Oil prices remained under pressure on Wednesday after sliding to their lowest in more than three months in the previous session, slipping further on concern over waning demand in the United States and China.


Brent crude futures dipped 54 cents to $81.07 a barrel, while U.S. crude lost 56 cents to $76.81. Both had dropped on Tuesday to their lowest since July 24.


“The market is clearly less concerned about the potential for Middle Eastern supply disruptions and is instead focused on an easing in the balance,” ING analysts Warren Patterson and Ewa Manthey said in a note to clients, referring to tight crude supply conditions.

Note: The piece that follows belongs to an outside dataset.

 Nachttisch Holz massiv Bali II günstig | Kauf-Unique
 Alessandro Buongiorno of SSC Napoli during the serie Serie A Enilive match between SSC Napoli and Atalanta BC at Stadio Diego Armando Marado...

Crude oil production in the United States this year will rise by slightly less than previously expected but demand will fall, the U.S. Energy Information Administration (EIA) said on Tuesday.


The EIA now expects total U.S. petroleum consumption to fall by 300,000 barrels per day (bpd) this year, reversing its previous forecast of a 100,000 bpd increase.


U.S. crude oil stocks rose by almost 12 million barrels last week, market sources said late on Tuesday, citing American Petroleum Institute figures.


The EIA will delay the release of weekly inventory data until the week of Nov. 13.


Adding to fears of weakening global demand, data from China, the world’s biggest crude oil importer, showed its total exports of goods and services contracted more quickly than expected.


That reflects “a struggling domestic and global economy, which adversely affects the oil balance”, said Tamas Varga of oil broker PVM.


However, China’s October crude oil imports showed robust growth and its central bank governor said on Wednesday that the world’s second-biggest economy is expected to hit its gross domestic product growth target this year. Beijing has set a target of about 5% growth this year.


Tempering supply concerns, analysts from Goldman Sachs estimated seaborne net oil exports by six countries from oil producer group OPEC will remain only 0.6 million bpd below April levels. OPEC has announced cumulative production cuts amounting to 2 million bpd since April 2023.


In more bullish news for crude prices, OPEC expects the global economy to grow and drive fuel demand despite economic challenges including high inflation and interest rates.